Paulo de Almeida – Sim. Estamos na fase de transformação das mentes, porque o que precisamos é de fazer que o cidadão seja desencorajado de ter uma arma em sua posse. É este o trabalho que temos e que levou à prorrogação da campanha de desarmamento da população civil. Mas para chegarmos a isso temos de fazer ainda muito trabalho. Estamos a trabalhar no sentido de fazer mais uma prorrogação porque ainda temos muitas armas de fogo nas mãos dos cidadãos. 

Jornal de Angola – O que pensam fazer este ano? 

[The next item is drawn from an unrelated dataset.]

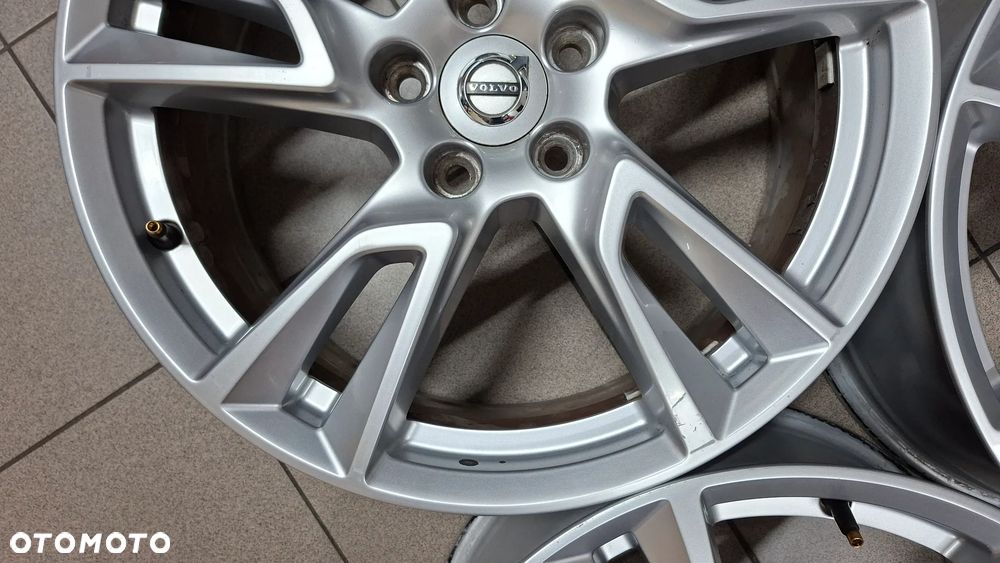 Felgi Aluminiowe 18 Volvo XC 60 5x108 ET 50.5 - 12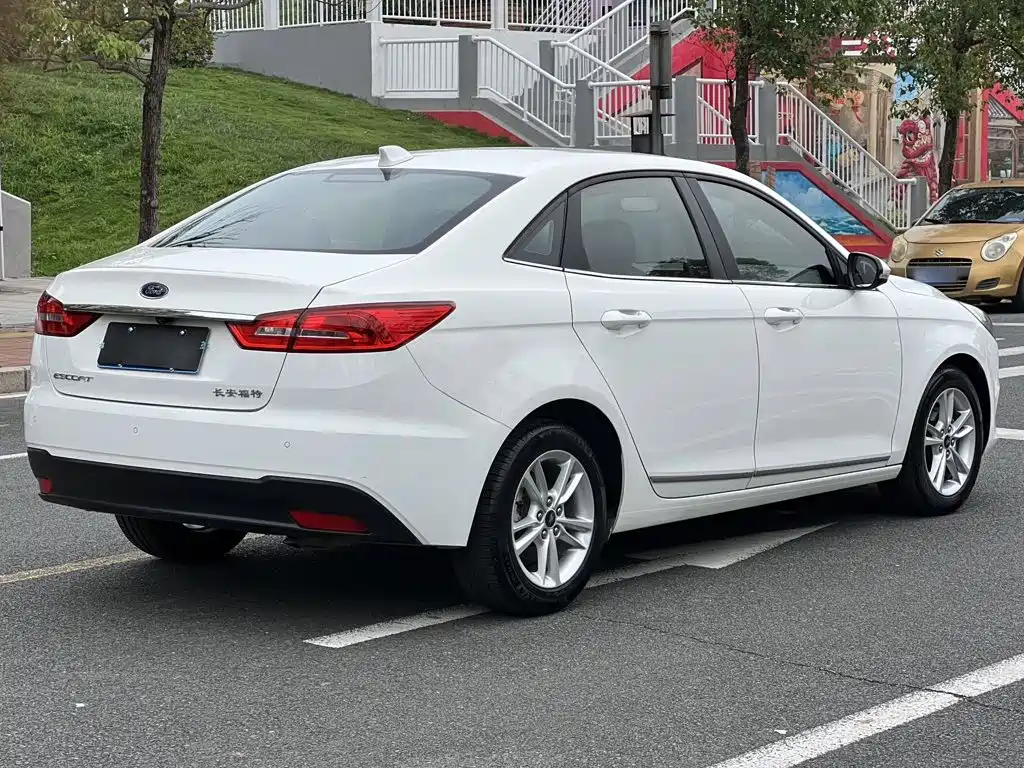 Escort Facelift 1.5 L Auto Joy CN-VI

Paulo de Almeida – Vamos intensificar a sensibilização, mobilização e divulgação da campanha junto da sociedade civil, em função do papel importante que tem para a eficácia da campanha. As acções de sensibilização para a entrega voluntária vão continuar. Quem quiser entregar a arma voluntariamente pode fazê-lo enquanto decorre a recolha coerciva. 

Jornal de Angola – Urge a tomada de medidas? 

Paulo de Almeida – Precisamos de tomar medidas de maior controlo das armas para não termos problemas futuros. Temos uma paz sólida que pode perder-se se tivermos armas ilegais em posse do cidadão. Isso destabiliza, não há desenvolvimento sem segurança. Quando nós sentimos que a população está armada e comete crimes, as pessoas retraem-se. Queremos evitar isso. É necessário que a comissão se revitalize para exercer uma actividade mais catalisadora nos órgãos que têm a responsabilidade e o controlo do desarmamento.